Une défaite géopolitique, illustrée par une image: pour des experts américains, la présence de Xi Jinping à la grande parade militaire du 9 mai à Moscou démontre combien la stratégie de Donald Trump vis-à-vis de la Chine et de la Russie est en train d’échouer.
Plus grave pour les Etats-Unis qui engagent en Suisse, ce week-end, leurs premières négociations commerciales avec Pékin: l’alliance sino-russe s’est encore renforcée ces dernières semaines. La commémoration par la Russie de la «grande guerre patriotique» et de la reddition nazie confirme donc la victorieuse stratégie orientale du Kremlin.
Se préparer à la guerre
La preuve de cette affirmation se trouve par exemple du côté de l’Atlantic Council, l’un des think tanks américains les plus influents de Washington. «Les Etats-Unis ont désespérément besoin de se préparer à une longue guerre dans la région indo-pacifique. Il existe un fossé inquiétant entre la capacité industrielle américaine et les besoins de production pour soutenir et gagner une guerre avec la Chine» alertait encore, voici quelques jours, cet observatoire très suivi des questions internationales.
Le 9 mai à Moscou a-t-il renforcé cette impression? «Poutine et Xi ont clairement montré aux Etats-Unis qu’ils renforcent leurs liens», juge le «New York Times».
Le quotidien new-yorkais est connu pour son opposition à l’administration Trump. Ses analyses sont toutefois très suivies au Département d’Etat. Or après les images de Xi Jinping souriant aux côtés de Vladimir Poutine, scrutant les bataillons de l’armée russe qui assiègent l’Ukraine depuis son assaut du 24 février 2022, la conclusion est rude: «Poutine et Xi sont tous deux aux prises avec l’imprévisibilité du président Trump – le président russe dans les pourparlers sur l’Ukraine, et le dirigeant chinois dans une guerre commerciale meurtrière.
Chacun s’emploie à présenter son pays comme une puissance mondiale alternative cherchant à instaurer ce qu’ils appellent un monde plus égalitaire et multipolaire face à l’hégémonie des Etats-Unis», poursuit le «New York Times».
Talon d’Achille de Washington
Le talon d’Achille de Washington est en fait l’arme fatale sur laquelle mise Donald Trump: le commerce. Pour le président américain, qui a poussé l’escalade des tarifs douaniers jusqu’à menacer de taxer les produits importés chinois à hauteur de 150% (avant de se rétracter et d’exonérer des secteurs comme les sous-traitants automobiles), la Chine va plier.

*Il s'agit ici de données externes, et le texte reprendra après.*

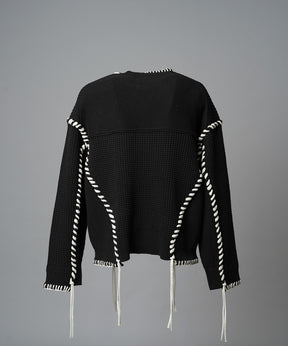 Gradation Short Length Prime-Over V-Neck Knit Pullover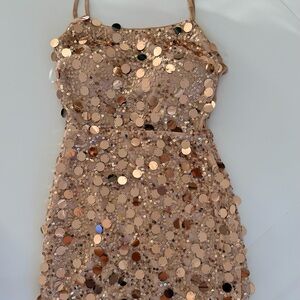 Crystal Doll Elegant Tan Dress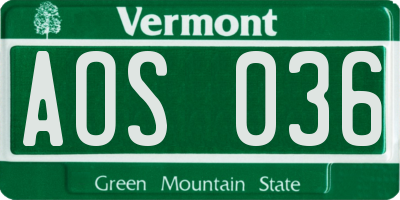VT license plate AOS036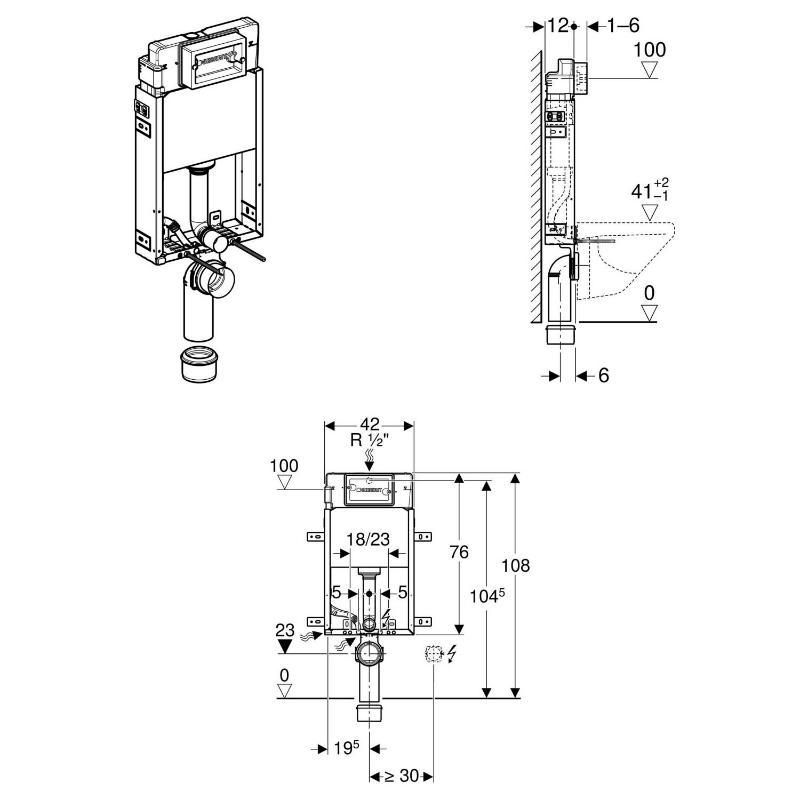 Geberit Kombifix Element für Wand-WC, 108 cm, mit Delta UP-Spülkasten 12 cm, für Betätigung von vorne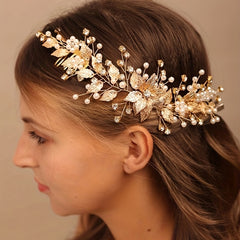 Faux Pearl Leaf Hairband Headband Rhinestone Wedding Hair Accessory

Réponse négative pour l’analyste Eric Levitz, du site Vox. «Pékin ne ressent pas le besoin de s’asseoir à la table des négociations écrit-il, même si des discussions vont bien avoir lieu en Suisse ce dimanche en présence du secrétaire au Trésor américain Scott Bessent.
Les dirigeants chinois pensent que Trump ne mettra pas ses menaces à exécution. Ils ne sont pas séduits par ses offres d’allégement partiel des droits de douane, mais sont plutôt favorables à une pause totale des droits de douane, comme condition à l’ouverture de négociations sur les différends commerciaux entre les deux pays».
Attendre, pour mieux contourner Trump
En clair: Xi Jinping veut d’abord faire plier les Etats-Unis. Or cette tactique du calendrier, qui consiste à miser sur le temps long, est aussi celle de Vladimir Poutine. Le président russe est, sur le papier, un homme que Donald Trump peut séduire s’il sacrifie l’Ukraine et ses alliés européens. Sauf que Poutine est dans la main de Xi Jinping, et que «la coalition des pays européens volontaires» va se réunir ce samedi 10 mai à Kiev. Ce qui est une réponse claire au défilé militaire du 9 mai à Moscou.
Trump, la communication avant tout
«La réalité est que Poutine et son équipe tentent de trouver le meilleur moyen d’exploiter les nombreuses opportunités qui se sont ouvertes depuis que Trump est arrivé à la Maison Blanche», analysait récemment le Christian Science Monitor.
Parade militaire à Moscou le 9 mai, contre rien ou presque pour les Etats-Unis et leurs alliés européens qui ont renoncé à commémorer ensemble leur victoire commune? C’est le sentiment de nombreux analystes américains pour qui la décision de Donald Trump de rebaptiser unilatéralement le 8 mai «Jour de la Victoire pour la Seconde Guerre mondiale» confirme cette opération de communication.
«En ce jour, nous célébrons la puissance, la force et le pouvoir inégalés des forces armées américaines et nous nous engageons à protéger notre droit sacré à la liberté contre toutes les menaces, qu’elles soient étrangères ou nationales», assène le communiqué de la Maison Blanche. Alors que dans les faits, de l’Ukraine à l’Asie-Pacifique, la Russie comme la Chine gagnent du terrain.